Chinese electric-vehicle (EV) maker Nio said it has obtained a provisional greenlight from the Singapore Exchange to list its shares in the Southeast Asian financial hub, taking a step forward to hedge the risk of US delisting.
The announcement comes on the heels of news Wednesday that the Securities and Exchange Commission (SEC) has put Nio on a list of 80 US-listed Chinese companies that face delisting under the Holding Foreign Companies Accountable Act (HFCAA). Nio made its stock offering on the New York Stock Exchange in 2018.
The secondary listing in Singapore will be by way of introduction, mirroring its listing method in Hong Kong in March that did not involve any public offering of shares. The Singapore plan was previously disclosed in its Hong Kong listing document in February.
The HFCAA, signed by former president Donald Trump, seeks to force foreign companies off US exchanges if they fail to turn over audit results for three straight years. The process of delisting non-compliant foreign stocks could begin from late 2023.
“Nio will continue to comply with applicable laws and regulations in both China and the US, and strive to maintain its listing status on both the NYSE and the HKEX in compliance with applicable listing rules,” it said in an exchange filing on Thursday.

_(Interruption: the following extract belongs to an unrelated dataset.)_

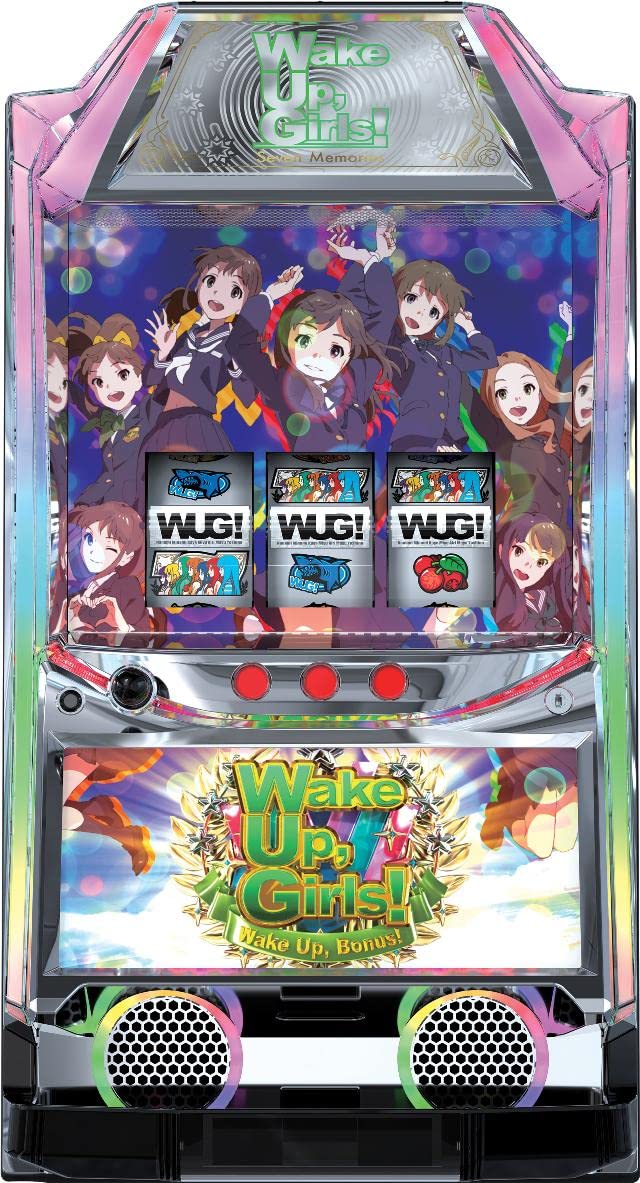 Sウェイクアップガールズ すぐ遊べるスロット中古遊技機 Sウェイク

Nio’s two Chinese EV-industry rivals Li Auto, which is listed on the Nasdaq, and Xpeng, which is listed on the NYSE, face the same US delisting risk. Both Li Auto and Xpeng raised new funds from their Hong Kong IPOs, taking in US$2.1 billion and US$1.7 billion last June and August, respectively.
Listing by introduction has gained momentum as it offers a faster route without the need for underwriters to market new shares to prospective investors. KE Holdings, the online real estate transaction platform backed by Tencent Holdings, said on Thursday that it had received the nod to list by introduction in Hong Kong.
Nio said it plans to issue an introductory document on the proposed listing in Singapore later this month, without elaborating.
Nio on Monday said it has kicked off operations at its second factory to race ahead of local rivals who are struggling with a worsening supply chain bottleneck following more than a month of citywide lockdown in Shanghai to combat the Omicron outbreak.
The 50 billion yuan (US$7.6 billion) NeoPark in Hefei, the capital of eastern Anhui province, started sample production of the ET5, Nio’s latest model, which is expected to hit the mainland market in September.
Nio’s American depositary shares plunged 15.2 per cent in New York to US$15.38, the biggest drop since March 2020. Its Hong Kong shares fell 12 per cent to HK$120.90 in recent trading.